It’s time for some lab work

Yesterday, I headed downstairs to the lab to work for the first time since I retired in March.  I had already spent a day scrubbing down the floors, tabletop and shelves.  I inventoried the supplies, threw away any expired items and ordered anything requiring replacement.   So why do any lab work now and what are we doing?

It’s April, so Pete and I are starting to do some final steps for the wine that we started last fall.  We have limited space in our production room and only so much tank capacity.
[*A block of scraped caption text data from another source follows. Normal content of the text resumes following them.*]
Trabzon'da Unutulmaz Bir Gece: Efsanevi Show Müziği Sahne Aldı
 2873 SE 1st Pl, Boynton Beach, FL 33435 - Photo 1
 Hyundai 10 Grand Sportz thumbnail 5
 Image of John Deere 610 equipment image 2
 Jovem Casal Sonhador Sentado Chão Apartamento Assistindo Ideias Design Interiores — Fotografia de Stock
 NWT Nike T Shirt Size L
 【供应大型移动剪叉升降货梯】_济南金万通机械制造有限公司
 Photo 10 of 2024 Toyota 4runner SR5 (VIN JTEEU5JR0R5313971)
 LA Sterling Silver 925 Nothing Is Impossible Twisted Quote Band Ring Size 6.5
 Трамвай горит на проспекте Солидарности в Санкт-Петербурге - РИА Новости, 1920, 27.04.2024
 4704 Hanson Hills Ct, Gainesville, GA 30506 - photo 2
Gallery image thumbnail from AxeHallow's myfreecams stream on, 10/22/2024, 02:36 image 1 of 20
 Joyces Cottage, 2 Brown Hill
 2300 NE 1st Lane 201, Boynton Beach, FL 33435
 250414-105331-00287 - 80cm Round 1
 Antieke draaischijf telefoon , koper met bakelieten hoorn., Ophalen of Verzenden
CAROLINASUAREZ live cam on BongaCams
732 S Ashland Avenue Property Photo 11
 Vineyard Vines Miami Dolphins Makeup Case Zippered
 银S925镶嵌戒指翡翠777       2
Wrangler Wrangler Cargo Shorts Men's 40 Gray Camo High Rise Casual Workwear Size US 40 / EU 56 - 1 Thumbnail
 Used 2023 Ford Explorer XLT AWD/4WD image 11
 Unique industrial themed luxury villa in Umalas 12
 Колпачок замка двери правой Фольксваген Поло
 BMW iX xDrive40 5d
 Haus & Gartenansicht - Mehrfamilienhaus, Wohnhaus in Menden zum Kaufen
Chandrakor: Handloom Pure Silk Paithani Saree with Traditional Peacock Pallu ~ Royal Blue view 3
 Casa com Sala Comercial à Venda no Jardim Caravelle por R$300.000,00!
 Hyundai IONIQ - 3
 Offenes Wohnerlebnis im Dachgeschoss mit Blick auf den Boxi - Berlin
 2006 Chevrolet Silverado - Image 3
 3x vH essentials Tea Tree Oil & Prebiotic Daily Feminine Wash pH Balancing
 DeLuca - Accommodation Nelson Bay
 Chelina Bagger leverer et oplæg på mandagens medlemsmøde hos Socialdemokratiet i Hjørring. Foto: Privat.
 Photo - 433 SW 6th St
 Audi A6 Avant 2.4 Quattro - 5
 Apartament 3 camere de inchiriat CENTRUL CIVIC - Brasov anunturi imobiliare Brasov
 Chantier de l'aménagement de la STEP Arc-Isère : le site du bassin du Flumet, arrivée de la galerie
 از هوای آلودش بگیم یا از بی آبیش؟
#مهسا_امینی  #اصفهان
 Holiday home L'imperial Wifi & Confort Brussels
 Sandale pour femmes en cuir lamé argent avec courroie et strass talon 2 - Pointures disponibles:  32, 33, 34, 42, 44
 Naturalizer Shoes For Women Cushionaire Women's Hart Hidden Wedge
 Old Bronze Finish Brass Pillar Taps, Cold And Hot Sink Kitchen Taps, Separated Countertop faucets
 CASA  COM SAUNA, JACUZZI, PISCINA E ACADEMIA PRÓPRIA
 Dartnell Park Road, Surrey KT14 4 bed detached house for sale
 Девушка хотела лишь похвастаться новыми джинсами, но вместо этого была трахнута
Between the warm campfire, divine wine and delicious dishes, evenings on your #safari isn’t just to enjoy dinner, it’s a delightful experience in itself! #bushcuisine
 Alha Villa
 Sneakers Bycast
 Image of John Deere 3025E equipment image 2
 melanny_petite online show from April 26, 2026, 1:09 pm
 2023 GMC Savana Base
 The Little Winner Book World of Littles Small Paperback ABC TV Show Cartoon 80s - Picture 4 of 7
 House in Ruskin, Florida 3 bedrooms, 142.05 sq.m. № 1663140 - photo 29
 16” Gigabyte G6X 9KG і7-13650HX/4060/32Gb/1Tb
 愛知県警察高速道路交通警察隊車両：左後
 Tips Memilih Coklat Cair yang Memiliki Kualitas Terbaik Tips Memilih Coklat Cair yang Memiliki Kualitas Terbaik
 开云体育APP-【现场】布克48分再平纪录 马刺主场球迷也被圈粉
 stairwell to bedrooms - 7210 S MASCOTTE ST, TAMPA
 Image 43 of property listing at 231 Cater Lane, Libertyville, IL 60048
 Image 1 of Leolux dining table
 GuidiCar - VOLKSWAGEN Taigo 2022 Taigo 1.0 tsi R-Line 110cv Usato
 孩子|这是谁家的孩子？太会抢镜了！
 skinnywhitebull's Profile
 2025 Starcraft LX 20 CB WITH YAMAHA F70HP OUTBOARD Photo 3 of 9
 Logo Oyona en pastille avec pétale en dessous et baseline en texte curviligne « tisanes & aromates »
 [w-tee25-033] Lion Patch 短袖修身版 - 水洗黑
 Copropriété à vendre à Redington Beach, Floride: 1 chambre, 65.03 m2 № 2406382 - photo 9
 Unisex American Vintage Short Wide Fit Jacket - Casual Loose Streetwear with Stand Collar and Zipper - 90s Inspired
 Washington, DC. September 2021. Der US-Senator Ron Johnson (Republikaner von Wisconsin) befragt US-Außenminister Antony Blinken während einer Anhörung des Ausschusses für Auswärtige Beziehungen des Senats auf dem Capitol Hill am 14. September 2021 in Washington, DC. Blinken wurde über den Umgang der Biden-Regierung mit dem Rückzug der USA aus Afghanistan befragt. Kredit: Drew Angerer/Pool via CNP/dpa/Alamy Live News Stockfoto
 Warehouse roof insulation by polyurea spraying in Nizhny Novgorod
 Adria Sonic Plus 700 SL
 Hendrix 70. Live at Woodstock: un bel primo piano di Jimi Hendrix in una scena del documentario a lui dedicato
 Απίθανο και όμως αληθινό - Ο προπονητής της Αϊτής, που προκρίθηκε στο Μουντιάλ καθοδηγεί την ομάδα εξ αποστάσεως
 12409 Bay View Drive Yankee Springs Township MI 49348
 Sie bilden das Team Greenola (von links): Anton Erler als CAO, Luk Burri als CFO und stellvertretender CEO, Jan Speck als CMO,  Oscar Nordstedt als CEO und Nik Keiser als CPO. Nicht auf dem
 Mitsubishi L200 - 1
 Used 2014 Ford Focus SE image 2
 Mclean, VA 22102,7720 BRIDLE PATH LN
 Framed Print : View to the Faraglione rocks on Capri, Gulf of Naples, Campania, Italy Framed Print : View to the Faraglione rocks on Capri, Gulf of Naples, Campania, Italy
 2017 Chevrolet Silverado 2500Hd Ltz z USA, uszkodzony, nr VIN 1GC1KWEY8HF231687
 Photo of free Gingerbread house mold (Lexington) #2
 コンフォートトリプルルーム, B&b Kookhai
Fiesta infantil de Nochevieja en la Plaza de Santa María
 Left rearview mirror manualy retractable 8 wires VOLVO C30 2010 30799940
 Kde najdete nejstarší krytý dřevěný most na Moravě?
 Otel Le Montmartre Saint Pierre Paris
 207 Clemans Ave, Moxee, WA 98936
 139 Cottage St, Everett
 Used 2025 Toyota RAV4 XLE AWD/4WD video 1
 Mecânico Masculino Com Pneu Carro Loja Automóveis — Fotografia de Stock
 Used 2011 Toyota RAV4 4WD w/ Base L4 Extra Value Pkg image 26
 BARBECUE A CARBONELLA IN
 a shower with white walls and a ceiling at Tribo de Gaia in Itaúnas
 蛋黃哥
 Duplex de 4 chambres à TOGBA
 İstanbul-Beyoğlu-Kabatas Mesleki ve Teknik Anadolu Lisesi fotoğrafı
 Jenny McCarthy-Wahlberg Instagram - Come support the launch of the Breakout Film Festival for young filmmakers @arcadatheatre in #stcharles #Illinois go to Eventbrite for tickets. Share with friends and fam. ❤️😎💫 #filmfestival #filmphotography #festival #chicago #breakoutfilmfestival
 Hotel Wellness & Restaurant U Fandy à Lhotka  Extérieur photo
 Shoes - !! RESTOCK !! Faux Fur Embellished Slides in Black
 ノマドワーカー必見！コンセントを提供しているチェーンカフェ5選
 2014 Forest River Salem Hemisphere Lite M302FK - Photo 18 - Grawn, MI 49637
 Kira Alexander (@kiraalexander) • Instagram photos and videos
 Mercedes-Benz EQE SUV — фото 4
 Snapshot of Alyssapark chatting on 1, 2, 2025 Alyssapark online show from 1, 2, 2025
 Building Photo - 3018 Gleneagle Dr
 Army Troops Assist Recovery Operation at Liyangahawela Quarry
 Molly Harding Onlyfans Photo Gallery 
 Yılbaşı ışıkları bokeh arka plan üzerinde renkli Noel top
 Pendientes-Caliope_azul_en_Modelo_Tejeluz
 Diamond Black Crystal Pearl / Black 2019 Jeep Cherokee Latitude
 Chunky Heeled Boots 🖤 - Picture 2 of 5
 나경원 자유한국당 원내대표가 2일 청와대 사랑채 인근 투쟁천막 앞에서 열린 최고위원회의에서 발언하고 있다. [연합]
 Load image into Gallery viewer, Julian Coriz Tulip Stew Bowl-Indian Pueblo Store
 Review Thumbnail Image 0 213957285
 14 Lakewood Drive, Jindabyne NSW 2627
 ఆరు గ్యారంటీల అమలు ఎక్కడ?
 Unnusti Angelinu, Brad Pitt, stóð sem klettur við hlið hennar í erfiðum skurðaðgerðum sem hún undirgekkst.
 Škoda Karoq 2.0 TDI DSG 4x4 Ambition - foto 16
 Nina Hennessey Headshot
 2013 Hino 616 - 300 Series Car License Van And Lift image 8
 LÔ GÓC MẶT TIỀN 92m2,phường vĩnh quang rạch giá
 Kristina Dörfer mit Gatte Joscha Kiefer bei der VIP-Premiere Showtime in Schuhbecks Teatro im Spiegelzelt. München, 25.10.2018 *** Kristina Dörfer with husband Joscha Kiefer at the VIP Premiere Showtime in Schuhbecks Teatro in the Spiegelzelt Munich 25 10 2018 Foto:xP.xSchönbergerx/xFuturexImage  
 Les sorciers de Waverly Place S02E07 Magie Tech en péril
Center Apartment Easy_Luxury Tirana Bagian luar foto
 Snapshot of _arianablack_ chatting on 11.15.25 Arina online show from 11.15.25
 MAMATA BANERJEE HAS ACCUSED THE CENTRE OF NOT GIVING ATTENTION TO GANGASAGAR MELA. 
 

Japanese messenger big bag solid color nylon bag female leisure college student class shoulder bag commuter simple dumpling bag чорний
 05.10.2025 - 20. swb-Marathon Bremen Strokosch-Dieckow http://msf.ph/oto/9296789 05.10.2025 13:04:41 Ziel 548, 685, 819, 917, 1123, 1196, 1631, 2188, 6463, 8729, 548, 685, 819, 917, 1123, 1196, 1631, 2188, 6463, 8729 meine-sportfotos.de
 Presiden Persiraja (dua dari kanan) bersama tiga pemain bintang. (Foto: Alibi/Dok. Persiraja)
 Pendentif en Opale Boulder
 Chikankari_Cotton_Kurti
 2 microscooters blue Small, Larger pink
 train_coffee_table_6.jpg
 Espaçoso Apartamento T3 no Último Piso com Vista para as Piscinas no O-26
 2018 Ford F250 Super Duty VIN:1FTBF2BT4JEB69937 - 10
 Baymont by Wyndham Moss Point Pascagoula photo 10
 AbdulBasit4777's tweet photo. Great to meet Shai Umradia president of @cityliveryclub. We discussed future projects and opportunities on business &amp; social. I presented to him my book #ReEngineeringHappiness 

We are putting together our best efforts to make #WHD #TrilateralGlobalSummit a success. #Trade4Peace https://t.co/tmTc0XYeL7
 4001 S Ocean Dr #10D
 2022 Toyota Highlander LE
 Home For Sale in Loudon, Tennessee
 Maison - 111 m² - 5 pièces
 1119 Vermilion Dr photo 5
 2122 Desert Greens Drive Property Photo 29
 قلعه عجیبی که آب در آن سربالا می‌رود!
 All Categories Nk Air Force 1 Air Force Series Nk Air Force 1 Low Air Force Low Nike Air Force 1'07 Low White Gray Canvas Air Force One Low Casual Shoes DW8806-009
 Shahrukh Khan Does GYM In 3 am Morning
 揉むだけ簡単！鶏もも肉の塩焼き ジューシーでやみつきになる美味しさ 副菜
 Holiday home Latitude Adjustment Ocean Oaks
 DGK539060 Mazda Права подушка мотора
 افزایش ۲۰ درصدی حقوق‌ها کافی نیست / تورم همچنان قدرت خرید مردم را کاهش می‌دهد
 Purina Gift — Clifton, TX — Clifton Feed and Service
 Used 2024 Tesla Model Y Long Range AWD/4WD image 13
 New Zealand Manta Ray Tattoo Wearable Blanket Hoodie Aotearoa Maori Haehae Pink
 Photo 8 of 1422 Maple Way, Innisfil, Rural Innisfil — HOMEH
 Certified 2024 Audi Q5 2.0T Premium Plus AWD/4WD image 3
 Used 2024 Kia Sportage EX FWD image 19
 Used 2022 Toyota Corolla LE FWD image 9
We will need all of our tanks to be empty when harvest season arrives, so we have a deadline for bottling the wine.  Given we have not elected to barrel age any of our wine, we can bottle now and still allow the wine to age.

Since we will be working with all of the wine over the next month, any prioritization is based on the wine left in inventory.  We are out of Concord wine (oh no!), so I’m starting there.    At this point in the process, we need to know the pH (acidity) of the wine, the TA (Total Acidity), residual sugar level, percent alcohol by volume and the total SO2 (sulfites).

Getting into the details  (Geek alert!)

Why pH?  We measure pH to understand the acidity of the wine and use the results to know the level of sulfur dioxide required.   Sulfur dioxide is used to reduce the risk of oxidation and as a preservative.  You see it mentioned on wine labels as sulfites.  The higher the pH (less acidic), the more sulfur dioxide required.

What about TA (Total Acidity)?  How is that different than pH?  Total Acidity measures the perception of acidity by the wine drinker.  It’s related to the tartness, sourness or crispness of a wine.  Based on the TA test results, the winemaker may want to work with the wine to get it to be within a certain range.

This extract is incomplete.